In support of its position that the SCA permits the disclosure of aggregated data, the DOJ analogized to the Telecommunications Act of 1996 and Cable Communications Privacy Act of 1984. Both statutes regulate the disclosure of information possessed by telecommunications providers, and both permit the disclosure of aggregated information provided it does not identify particular persons or customers. The DOJ also found instructive the Federal Trade Commission’s exclusion of aggregated data from the definition of “personally identifiable financial information” under the Gramm-Leach-Bliley Act.
The DOJ warned, however, that its views should not be interpreted as creating any substantive or procedural rights. And, because the legal framework involved requires a very fact-specific analysis, the DOJ emphasized that all entities considering non-content disclosures should seek their own legal counsel. (That is advice we here at caveat-vendor always endorse!)

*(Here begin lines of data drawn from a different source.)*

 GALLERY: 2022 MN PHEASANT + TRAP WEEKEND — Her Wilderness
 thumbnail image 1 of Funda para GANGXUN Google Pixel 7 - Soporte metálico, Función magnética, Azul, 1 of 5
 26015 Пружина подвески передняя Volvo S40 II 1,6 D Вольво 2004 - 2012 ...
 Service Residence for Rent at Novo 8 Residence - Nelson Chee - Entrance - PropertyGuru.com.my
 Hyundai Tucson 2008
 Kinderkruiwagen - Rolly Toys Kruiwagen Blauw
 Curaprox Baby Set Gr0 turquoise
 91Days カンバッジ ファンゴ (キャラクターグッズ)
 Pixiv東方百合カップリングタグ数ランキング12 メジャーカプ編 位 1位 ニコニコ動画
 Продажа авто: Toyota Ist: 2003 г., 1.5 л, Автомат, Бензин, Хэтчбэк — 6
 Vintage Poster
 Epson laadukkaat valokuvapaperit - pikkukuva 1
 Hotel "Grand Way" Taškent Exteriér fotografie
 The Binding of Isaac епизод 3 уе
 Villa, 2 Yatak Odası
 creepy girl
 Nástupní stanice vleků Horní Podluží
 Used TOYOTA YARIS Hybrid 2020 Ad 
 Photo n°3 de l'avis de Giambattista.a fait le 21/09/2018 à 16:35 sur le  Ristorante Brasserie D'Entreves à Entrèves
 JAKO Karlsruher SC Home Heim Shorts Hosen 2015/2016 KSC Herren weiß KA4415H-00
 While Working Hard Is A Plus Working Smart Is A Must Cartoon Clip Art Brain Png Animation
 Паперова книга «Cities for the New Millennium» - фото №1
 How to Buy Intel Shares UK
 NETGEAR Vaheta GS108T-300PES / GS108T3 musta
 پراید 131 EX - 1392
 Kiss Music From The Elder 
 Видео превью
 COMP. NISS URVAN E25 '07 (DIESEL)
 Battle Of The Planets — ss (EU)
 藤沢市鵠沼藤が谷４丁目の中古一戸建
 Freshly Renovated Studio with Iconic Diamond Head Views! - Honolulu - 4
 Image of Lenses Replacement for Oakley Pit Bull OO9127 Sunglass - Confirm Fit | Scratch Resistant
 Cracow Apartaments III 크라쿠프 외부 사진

Notably, this is the second set of guidance on sharing of cybersecurity information issued by the DOJ within the span of a month. In April, the DOJ and the FTC issued a joint statement to clarify that antitrust concerns should not act as a “roadblock” to the sharing of cybersecurity information. The antitrust statement distinguished arrangements for disclosure of cyber threats “from the sharing of competitively sensitive information such as current or future prices and output or business plans.”
With threats to data security on the rise and continuing congressional inaction, the government clearly seems focused on ways to help companies improve data protection efforts within the framework of existing laws. These latest efforts do not carry the force of law but should provide companies with some comfort that in venturing a bit further toward careful, cooperative data-sharing they will not face governmental opposition.